◆ Exercise brief: I'd like the data below restated word for word, with the pictures left out.

◆ The data:
-- -- --

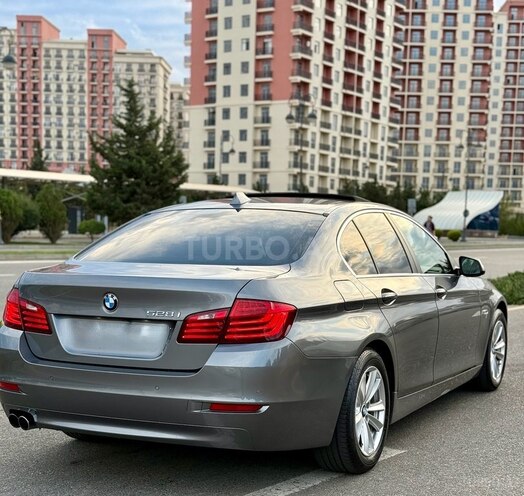 BMW 528 2014, 192,700 km - 2.0 l - Bakı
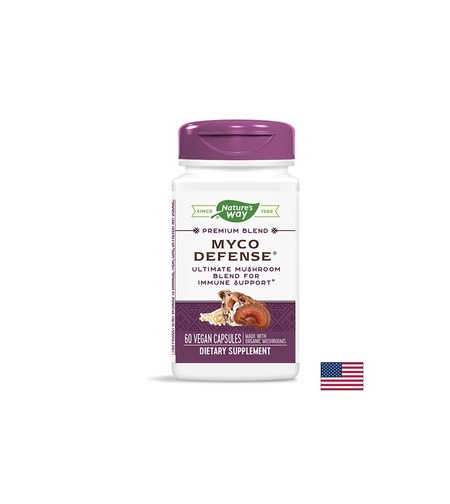 Myco Defense®/ Мико Дифенс® х 60 капсули Nature’s Way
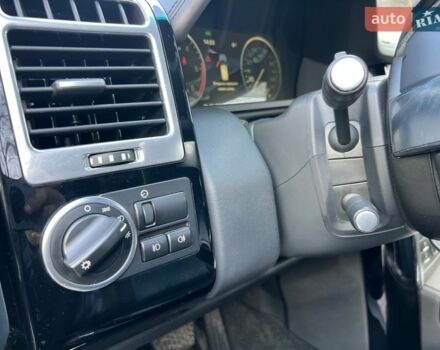 Чорний Ленд Ровер Рендж Ровер, об'ємом двигуна 4.37 л та пробігом 203 тис. км за 24000 $, фото 20 на Automoto.ua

-- -- --

◆ Reply:
 BMW 528 2014, 192,700 km - 2.0 l - Bakı
 Myco Defense®/ Мико Дифенс® х 60 капсули Nature’s Way
 Чорний Ленд Ровер Рендж Ровер, об'ємом двигуна 4.37 л та пробігом 203 тис. км за 24000 $, фото 20 на Automoto.ua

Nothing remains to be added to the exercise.